Surveys were mailed to members of the Society of Perinatal Obstetricians residing in the United States and Canada in July 1997. They were asked about their evaluation and management of parvovirus infection, including whether they repeated and confirmed serologic studies, what their initial and follow-up evaluations included, whether they had had any cases of parvovirus-associated hydrops in the past 2 years, and if so, what were the management and outcomes of the hydropic fetuses.
Surveys were mailed to 1623 members of the Society of Perinatal Obstetricians and 541 completed surveys were returned. Sixty-eight percent of the respondents repeated and confirmed serologic studies. Eighty-nine percent used ultrasonography in their initial management of pregnant patients with recent parvovirus infection, 7.5% used amniocentesis for polymerase chain reaction, and 2% used fetal blood sampling. The outcomes of the 539 cases of parvovirus-induced hydrops included spontaneous resolution in 34%, death without intrauterine transfusion in 30%, resolution after intrauterine transfusion in 29%, death after intrauterine transfusion in 6%, and pregnancy termination in 1%. Almost all cases of nonimmune hydrops reported occurred between 16 and 32 weeks.

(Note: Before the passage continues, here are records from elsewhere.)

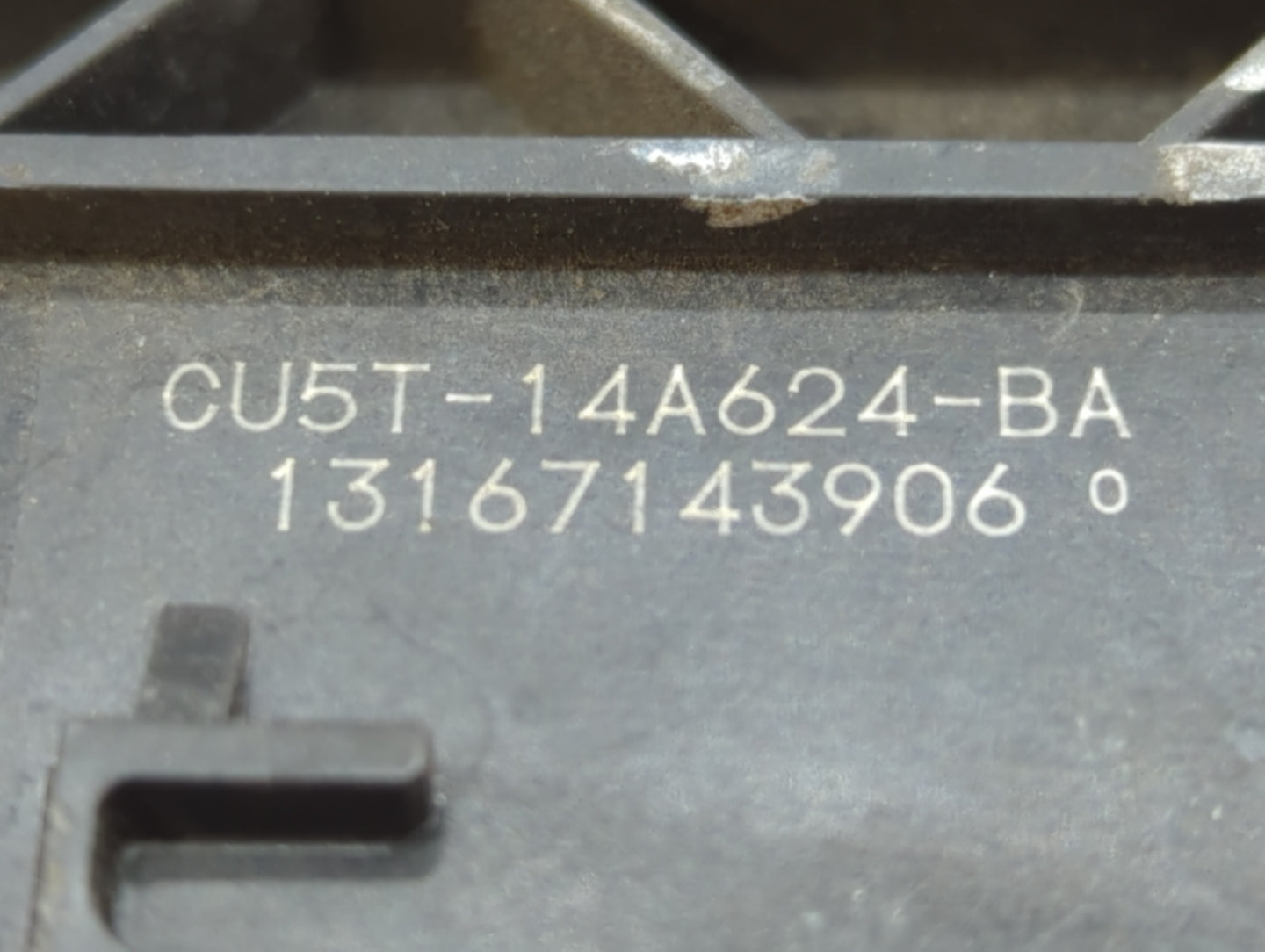 2014 Ford Fusion PCM Engine Control Computer ECU ECM PCU OEM P/N:13167143906 CU5T-14A624-BA, DG1A-12B684-AB, ES7A-12A650-ND 
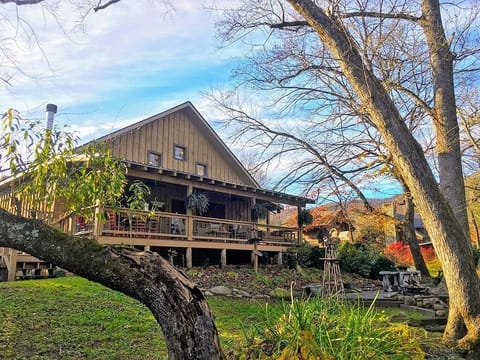 Private Backyard Oasis directly on Deep Creek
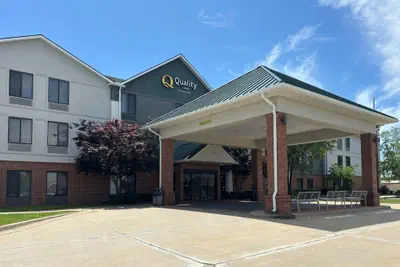 Photo 2 - Quality Inn Warrensburg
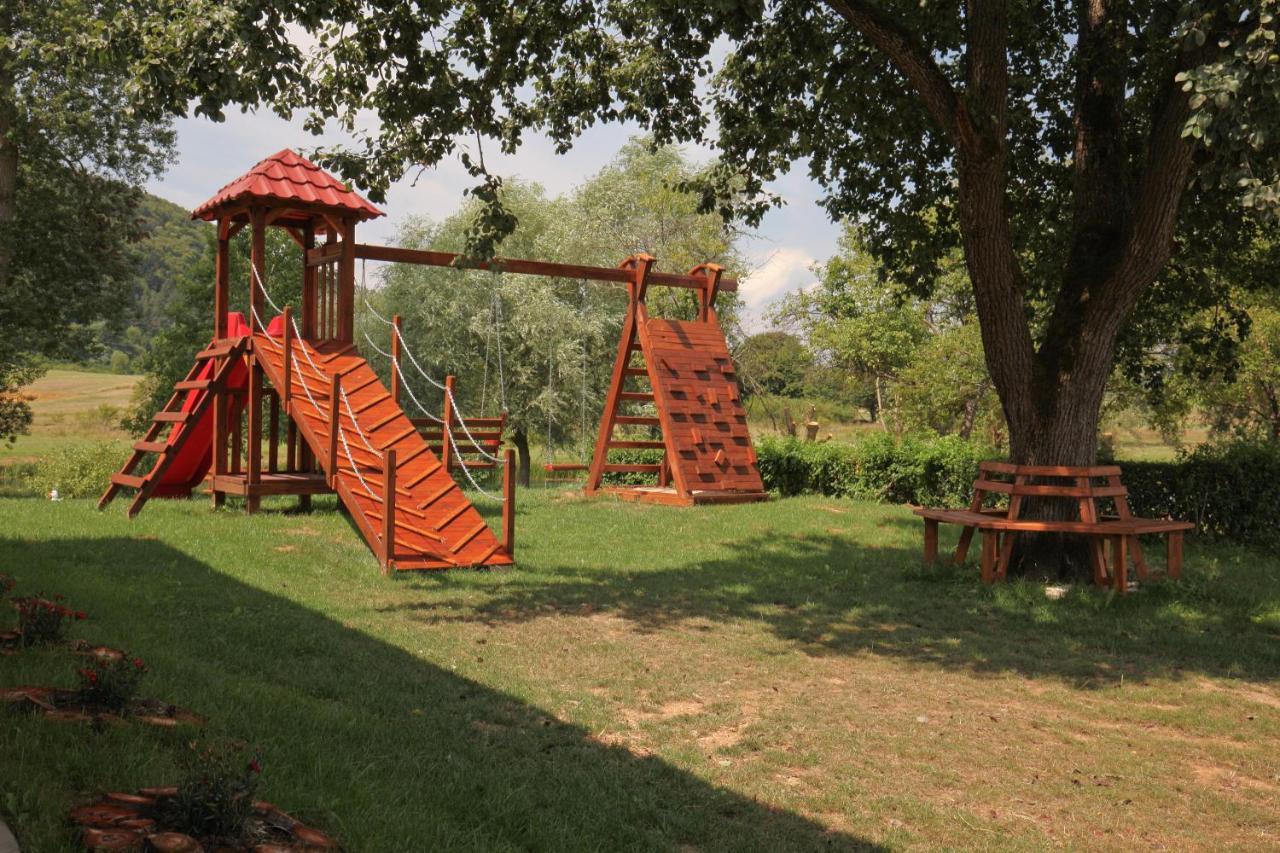 Riverside Apartments Otočac 外观 照片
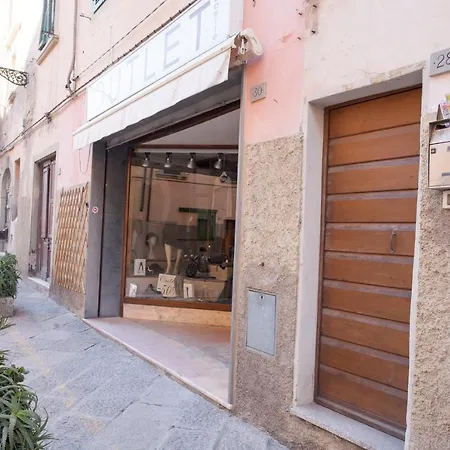 Monolocale Nel Centro Di *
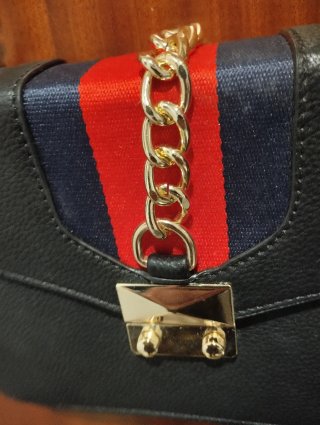 Bolso bandolera negro con cadena dorada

Approximately one third of the cases of parvovirus-induced nonimmune hydrops resolved spontaneously, whereas 83.5% of hydropic fetuses transfused survived.
我们的目的是研究孕期细小病毒感染的评估与管理。
1997年7月向居住在美国和加拿大的围产期产科医师协会成员邮寄了调查问卷。询问他们对细小病毒感染的评估与管理情况,包括是否重复并确认血清学检查、初始及随访评估包括哪些内容、在过去2年中是否有细小病毒相关水肿的病例,若有,水肿胎儿的管理及结局如何。
向围产期产科医师协会的1623名成员邮寄了调查问卷,共收回541份完整问卷。68%的受访者重复并确认了血清学检查。89%的受访者在初次管理近期感染细小病毒的孕妇时使用了超声检查,7.5%使用羊膜腔穿刺术进行聚合酶链反应,2%使用胎儿血样采集。539例细小病毒引起的水肿病例的结局包括34%自然消退、30%未进行宫内输血而死亡、29%在宫内输血后消退、6%在宫内输血后死亡、1%终止妊娠。几乎所有报告的非免疫性水肿病例都发生在孕16至32周之间。
约三分之一的细小病毒引起的非免疫性水肿病例自然消退,而接受输血的水肿胎儿有83.5%存活。